Elasticsearch version: 5.0.0 (253032b)
Plugins installed: none
JVM version: 1.8.0_102
OS version: Linux 4.4.20-moby (vanilla 5.0 Docker container)
Description of the problem including expected versus actual behavior:
Calling _nodes/stats?all
should return all stats populated, as it did in previous versions and is still documented to work as in the Node Stats documentation:
The
all
flag can be set to return all the stats.
Instead, it returns a 400:
{
"error" : {
"root_cause" : [
{
"type" : "illegal_argument_exception",
"reason" : "request [/_nodes/stats] contains unrecognized parameter: [all]"
}
],
"type" : "illegal_argument_exception",
"reason" : "request [/_nodes/stats] contains unrecognized parameter: [all]"
},
"status" : 400
}
Steps to reproduce:
/_nodes/stats?all
, e.g. http://localhost:9200/_nodes/stats?allCan we restore this functionality please? Given the lack of a documentation update, I'm hoping this was an unintentional and completely unnecessary breaking change.
At a glance, it looks related to #21266 (see https://github.com/elastic/elasticsearch/blob/5.0/core/src/main/java/org/elasticsearch/rest/action/admin/cluster/RestNodesStatsAction.java#L64)
By default, node stats returns all stats. You can explicitly request all stats by hitting /_nodes/stats/_all
or /_nodes/stats?metric=_all
. Requesting /_nodes/stats?all
never did anything, it was just silently ignored in the past. I'll clarify the docs.
Requesting /_nodes/stats?all never did anything, it was just silently ignored in the past
Actually, (and this goes waaay back to pre 0.90), stats used to just return a selection of stats, and all
used to have a purpose. But that is ancient history
@jasontedor Was this the case in all previous versions? Monitoring systems that hit the APIs need to span many versions, and every breaking change like this (like changing hostname
to host
) create real unnecessary pain points.
This breaks our monitoring system. And anyone else's spanning many versions. Why break this? Why was it necessary? Just ignore the param if the behavior would be the same.
Actually, (and this goes waaay back to pre 0.90), stats used to just return a selection of stats, and
all
used to have a purpose.
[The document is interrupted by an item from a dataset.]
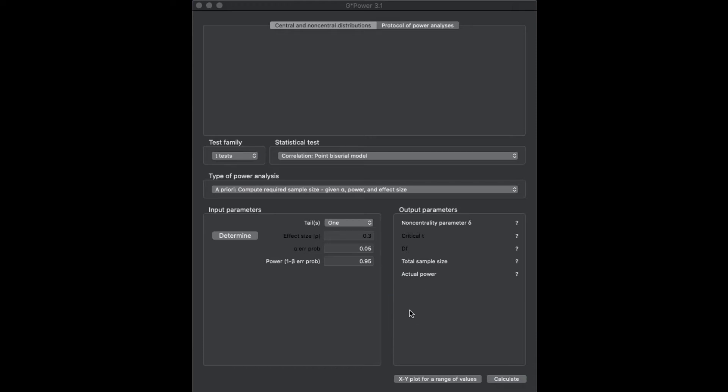Hey everybody, and welcome to another G-Power tutorial. In this tutorial, I want to talk to you about T-Tests. We're going to go through all three major forms of T-Tests and how to do them in this particular program.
But that is ancient history
It's like this in 1.x and 2.x as well, ?all
did nothing, it was just silently ignored.
Was this the case in all previous versions?
It was the case in 1.x and 2.x for sure, I just checked the code.
Why break this? Why was it necessary?
It didn't do anything, it was silently ignored.
Just ignore the param if the behavior would be the same.
This is why we are getting rid of silently ignoring things. All this time you thought that that parameter was doing something and it wasn't.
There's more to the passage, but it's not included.